In 1907, George E. Kessler, the mastermind of the parks system of Kansas City, Mo., was invited to Springfield to take a look at 12-year-old Snyder Park and consider the city’s potential for a park system.
What he saw was what people saw before him, after him and some see today: the potential for a recreation and park area stretching along Buck Creek from the waterworks in what is now Old Reid Park, through the former village of Lagonda into what is now Veterans and Snyder parks.
“Conditions are seldom so fortunate as yours,” Kessler wrote in his official 1908 report, “and the unique situation in your city deserve particular attention, inasmuch as very few indeed of the communities ... of the United States, have such a fine opportunity.
“It would, therefore, be a very distinct misfortune if your community did not secure this entire valley.”
The gift
Kessler’s vision — which included neighborhood parks removed from the central system — was possible because David L. and John Snyder in 1895 surprised the entire community by giving 217 acres of creekside land to the citizens of Springfield for use as a park.
As a condition of the donation, the city agreed to make $20,000 of improvements, adding the stone bridge, boat house and shelter houses Springfield architect Robert Gotwald fashioned in a way that has made them community keepsakes.
Knowing that maintenance costs would always be an issue, David Snyder willed a $200,000 endowment for the care of the park and $25,000 for the metal bridge that now spans the creek and leads to softball fields and the Snyder Park Golf Course.
Artfully designed by their nephew, David, the structure “handsomely accomplished” its goal of “creating an artistic bridge that did not obstruct the natural view,” according to the Summer of 1990 edition of the Ohio County Engineer magazine.
Springfielders celebrated their new park April 20, 1897, with a parade that began at High and Limestone streets and wound its way to the Western Avenue entrance to the park.
The only work interrupting the festivities that day was the planting of donated trees through the park at the direction of landscape gardeners Hearlin and Haerlin, which had been supervising the plantings and manicuring the park to enhance its natural beauty.
Continued celebrations
Seven years later, a group led by Springfielder and former Ohio Gov.

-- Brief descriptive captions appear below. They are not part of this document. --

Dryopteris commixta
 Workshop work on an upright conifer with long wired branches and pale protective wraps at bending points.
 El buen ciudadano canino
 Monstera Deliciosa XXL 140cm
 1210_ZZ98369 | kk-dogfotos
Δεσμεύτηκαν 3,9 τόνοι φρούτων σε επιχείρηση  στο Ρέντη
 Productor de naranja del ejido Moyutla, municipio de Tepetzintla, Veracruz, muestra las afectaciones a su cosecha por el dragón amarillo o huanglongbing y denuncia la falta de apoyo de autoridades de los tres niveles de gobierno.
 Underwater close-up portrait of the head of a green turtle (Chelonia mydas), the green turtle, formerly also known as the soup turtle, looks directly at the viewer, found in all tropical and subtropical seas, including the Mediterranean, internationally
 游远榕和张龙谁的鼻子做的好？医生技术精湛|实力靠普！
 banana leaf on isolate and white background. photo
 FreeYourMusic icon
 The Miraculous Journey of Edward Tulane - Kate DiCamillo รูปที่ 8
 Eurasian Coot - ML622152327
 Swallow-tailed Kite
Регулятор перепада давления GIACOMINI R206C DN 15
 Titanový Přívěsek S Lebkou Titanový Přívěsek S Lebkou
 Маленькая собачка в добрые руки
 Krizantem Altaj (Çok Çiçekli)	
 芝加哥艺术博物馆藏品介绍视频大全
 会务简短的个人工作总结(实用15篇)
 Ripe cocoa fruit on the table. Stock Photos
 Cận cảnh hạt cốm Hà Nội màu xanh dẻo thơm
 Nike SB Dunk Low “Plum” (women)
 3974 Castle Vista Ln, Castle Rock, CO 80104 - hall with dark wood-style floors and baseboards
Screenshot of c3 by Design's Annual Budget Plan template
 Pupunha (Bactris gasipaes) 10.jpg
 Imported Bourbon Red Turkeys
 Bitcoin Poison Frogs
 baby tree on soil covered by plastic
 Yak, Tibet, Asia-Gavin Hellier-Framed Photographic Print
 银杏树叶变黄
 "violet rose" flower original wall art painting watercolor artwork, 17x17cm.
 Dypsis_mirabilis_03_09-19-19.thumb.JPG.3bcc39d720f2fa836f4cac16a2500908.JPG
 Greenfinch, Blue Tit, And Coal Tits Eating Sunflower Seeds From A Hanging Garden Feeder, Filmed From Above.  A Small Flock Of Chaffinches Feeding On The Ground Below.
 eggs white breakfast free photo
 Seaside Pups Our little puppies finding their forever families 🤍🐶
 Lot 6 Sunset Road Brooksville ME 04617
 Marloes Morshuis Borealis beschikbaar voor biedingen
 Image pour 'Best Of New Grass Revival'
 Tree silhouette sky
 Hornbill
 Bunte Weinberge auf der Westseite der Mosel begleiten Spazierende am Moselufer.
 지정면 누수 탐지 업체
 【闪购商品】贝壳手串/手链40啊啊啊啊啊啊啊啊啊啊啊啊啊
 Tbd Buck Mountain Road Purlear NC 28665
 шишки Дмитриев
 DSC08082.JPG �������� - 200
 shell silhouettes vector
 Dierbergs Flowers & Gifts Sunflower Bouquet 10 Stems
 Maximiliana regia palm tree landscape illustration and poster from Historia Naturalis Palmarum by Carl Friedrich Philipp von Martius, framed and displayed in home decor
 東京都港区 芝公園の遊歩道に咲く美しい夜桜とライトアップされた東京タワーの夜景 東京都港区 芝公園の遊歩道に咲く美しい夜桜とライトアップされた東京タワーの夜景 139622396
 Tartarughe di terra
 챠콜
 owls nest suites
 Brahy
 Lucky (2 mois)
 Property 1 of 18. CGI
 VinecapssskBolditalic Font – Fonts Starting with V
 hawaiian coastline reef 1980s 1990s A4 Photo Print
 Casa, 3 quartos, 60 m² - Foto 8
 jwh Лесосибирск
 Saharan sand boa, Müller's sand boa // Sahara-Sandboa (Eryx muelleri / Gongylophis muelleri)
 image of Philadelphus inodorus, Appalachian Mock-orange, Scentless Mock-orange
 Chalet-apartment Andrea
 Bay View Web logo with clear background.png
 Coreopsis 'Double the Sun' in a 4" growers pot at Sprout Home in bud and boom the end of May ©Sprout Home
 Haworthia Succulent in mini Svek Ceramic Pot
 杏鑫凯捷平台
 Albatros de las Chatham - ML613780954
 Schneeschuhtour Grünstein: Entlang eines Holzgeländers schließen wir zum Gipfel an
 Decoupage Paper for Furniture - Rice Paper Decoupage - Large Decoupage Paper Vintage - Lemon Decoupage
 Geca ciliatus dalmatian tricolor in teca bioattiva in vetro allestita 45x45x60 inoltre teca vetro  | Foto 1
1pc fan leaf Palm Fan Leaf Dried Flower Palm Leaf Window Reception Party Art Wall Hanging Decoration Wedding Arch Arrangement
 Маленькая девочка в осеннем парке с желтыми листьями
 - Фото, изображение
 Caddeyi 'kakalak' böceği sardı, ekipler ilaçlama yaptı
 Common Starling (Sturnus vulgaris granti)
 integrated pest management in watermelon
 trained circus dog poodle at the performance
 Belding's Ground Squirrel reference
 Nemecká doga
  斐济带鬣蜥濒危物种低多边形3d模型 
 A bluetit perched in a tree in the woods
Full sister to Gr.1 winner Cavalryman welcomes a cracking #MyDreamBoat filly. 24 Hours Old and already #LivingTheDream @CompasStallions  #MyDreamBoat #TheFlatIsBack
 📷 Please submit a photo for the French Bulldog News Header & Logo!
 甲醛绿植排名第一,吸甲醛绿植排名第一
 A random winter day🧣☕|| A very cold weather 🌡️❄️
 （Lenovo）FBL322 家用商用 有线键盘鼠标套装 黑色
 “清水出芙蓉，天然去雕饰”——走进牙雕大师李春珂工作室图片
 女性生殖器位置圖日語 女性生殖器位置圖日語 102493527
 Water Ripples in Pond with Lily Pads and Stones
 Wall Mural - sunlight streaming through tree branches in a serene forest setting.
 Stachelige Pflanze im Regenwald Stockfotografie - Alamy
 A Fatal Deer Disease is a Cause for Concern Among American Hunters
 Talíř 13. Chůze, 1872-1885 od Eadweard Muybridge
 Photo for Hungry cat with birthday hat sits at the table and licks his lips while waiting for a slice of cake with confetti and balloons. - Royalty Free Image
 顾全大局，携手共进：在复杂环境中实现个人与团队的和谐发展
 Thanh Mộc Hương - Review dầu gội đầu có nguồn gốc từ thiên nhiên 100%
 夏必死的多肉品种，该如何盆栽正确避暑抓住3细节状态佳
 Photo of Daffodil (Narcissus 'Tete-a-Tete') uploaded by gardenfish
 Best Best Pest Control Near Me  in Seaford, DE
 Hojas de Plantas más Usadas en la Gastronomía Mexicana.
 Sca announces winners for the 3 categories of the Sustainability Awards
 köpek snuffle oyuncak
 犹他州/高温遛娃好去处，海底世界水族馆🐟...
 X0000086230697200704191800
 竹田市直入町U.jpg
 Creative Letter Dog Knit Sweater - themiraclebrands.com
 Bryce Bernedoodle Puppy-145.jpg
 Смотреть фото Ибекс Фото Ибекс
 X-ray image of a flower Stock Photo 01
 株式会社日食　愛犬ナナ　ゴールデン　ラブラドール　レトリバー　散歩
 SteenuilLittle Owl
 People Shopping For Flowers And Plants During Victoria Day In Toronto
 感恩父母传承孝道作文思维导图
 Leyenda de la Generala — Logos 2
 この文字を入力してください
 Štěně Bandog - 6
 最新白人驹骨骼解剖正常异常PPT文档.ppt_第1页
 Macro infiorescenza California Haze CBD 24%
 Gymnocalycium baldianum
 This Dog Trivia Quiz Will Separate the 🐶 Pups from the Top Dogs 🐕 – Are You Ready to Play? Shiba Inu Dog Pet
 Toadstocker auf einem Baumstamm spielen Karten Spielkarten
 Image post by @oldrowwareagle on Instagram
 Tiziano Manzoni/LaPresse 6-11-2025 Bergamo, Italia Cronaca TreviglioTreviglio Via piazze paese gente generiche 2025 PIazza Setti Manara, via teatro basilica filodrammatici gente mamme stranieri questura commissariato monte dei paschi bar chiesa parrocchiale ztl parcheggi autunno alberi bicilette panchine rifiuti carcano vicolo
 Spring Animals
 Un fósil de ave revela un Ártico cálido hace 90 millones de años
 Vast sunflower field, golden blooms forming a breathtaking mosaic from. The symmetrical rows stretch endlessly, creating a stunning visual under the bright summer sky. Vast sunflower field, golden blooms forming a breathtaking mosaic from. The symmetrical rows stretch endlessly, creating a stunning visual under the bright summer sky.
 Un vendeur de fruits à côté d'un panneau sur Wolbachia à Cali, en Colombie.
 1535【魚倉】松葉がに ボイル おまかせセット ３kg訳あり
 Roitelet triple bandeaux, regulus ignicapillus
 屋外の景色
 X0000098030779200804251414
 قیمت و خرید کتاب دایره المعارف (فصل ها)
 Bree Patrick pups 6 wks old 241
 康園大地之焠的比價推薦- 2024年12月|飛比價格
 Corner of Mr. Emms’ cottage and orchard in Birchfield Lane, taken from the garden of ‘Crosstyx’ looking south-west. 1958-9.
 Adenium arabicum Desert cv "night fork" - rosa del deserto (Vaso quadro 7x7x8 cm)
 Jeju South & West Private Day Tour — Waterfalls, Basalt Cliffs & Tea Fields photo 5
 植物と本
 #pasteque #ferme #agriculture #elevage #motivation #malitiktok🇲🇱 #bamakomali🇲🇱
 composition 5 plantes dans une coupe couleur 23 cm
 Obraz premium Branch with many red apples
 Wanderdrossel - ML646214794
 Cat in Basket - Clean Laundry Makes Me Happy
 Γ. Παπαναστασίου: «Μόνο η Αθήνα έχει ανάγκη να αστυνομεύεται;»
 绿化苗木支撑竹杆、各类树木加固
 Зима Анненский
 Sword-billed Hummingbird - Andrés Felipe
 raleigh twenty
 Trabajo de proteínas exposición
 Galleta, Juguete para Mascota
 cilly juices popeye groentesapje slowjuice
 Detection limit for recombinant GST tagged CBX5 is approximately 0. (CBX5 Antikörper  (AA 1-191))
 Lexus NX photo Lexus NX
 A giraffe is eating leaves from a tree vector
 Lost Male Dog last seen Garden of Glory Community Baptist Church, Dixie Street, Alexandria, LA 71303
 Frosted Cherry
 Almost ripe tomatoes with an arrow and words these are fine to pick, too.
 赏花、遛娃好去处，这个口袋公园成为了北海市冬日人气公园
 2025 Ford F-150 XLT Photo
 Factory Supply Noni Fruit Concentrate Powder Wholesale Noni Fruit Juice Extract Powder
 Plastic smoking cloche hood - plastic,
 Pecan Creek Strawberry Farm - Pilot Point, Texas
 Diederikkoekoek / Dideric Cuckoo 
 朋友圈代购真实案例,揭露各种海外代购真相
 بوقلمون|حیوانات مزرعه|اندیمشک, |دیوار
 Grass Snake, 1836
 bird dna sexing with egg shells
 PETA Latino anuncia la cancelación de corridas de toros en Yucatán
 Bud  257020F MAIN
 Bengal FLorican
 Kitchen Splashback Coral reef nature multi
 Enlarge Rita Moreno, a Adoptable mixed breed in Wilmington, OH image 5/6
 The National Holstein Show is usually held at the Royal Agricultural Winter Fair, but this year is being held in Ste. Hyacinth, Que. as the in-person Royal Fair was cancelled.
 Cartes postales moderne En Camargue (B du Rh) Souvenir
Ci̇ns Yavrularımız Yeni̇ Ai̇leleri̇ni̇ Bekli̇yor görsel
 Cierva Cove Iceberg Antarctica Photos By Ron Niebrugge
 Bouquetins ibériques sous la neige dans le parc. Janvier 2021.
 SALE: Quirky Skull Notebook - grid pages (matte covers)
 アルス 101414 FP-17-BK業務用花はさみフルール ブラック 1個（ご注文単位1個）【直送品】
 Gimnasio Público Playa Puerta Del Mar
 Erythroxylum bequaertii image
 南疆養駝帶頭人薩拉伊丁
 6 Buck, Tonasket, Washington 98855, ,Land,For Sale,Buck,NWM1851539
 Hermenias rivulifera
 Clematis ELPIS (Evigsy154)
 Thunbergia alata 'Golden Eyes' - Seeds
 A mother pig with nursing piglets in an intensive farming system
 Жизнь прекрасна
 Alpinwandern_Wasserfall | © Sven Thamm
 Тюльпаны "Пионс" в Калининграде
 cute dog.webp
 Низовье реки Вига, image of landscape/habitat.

Asa S. Bushnell raised enough money to build a memorial arch for the Snyders at the park’s main entrance. (Again architect Gotwald is thought to have been the designer.)
And in 1910 and 1911, the memory of the brothers whose early money was made in the by then frowned-on trade of whiskey-making, were celebrated by grand concerts and speeches by dignitaries in the park.
In 1911, Springfield voters approved plans to let $50,000 in bonds to build a lake in the park, something the Sunday, June 26, 1926, newspaper would trumpet as “Springfield’s most beautiful scenic spot.”
Boating and canoeing were popular, as were the walking and bridal paths in the east end of park. Those later were altered and connected to carriage roads to the west to fulfill a vision Benjamin Prince spelled out in his 1922 Standard History of Springfield and Clark County.
The park, wrote the president of the Clark County Historical Society, “may become an automobile thoroughfare of great beauty.”
The influence of technology
Technological change shaped the park’s history in another way. The waterway that now seems part and parcel of parkland was the source of the city’s early industrial power.
Companies now are preparing bids on a project that will replace the former Rockway dam behind the Springfield Art Museum with a kayaking feature.
Decades before it was a dam, the park land of Veterans Park had been the quarry that supplied stone for the city’s early buildings.
“It was blasting,” wrote Prince, “that rendered Cliff (now Veterans) Park a possibility.”
But its industrial past also delayed some city officials from seeing its potential as a park.
“While serving as a member of the City Council ... it was George W. Billow who suggested the possibility of developing the waste land along Buck Creek,” Prince writes. But when George H. Frey was ready to abandon it, “the council did not recognize its opportunity.”
Later, Frey’s heirs sold the park land to the city, where it sits contiguous to Snyder Park.
What is a park?
Just as technology has shaped the park — moving its main entrance away from the memorial arch, where street cars once delivered picnickers — so have ideas and trends in recreation.
Jake Kallgren, curatorial and research assistant at the Turner Foundation, said that early on, the bridge their nephew designed was a kind of dividing line between social classes and the kind of recreation they sought.
The walking paths, ponds and scenic development in the east end of Snyder Park were aimed at the upper classes, who favored passive recreation — using nature for a peaceful escape.
On the west end of the park, home to a golf course, football field and softball field, tennis courts — and at times an archery range, shooting club and public polo field — is more of the active recreation.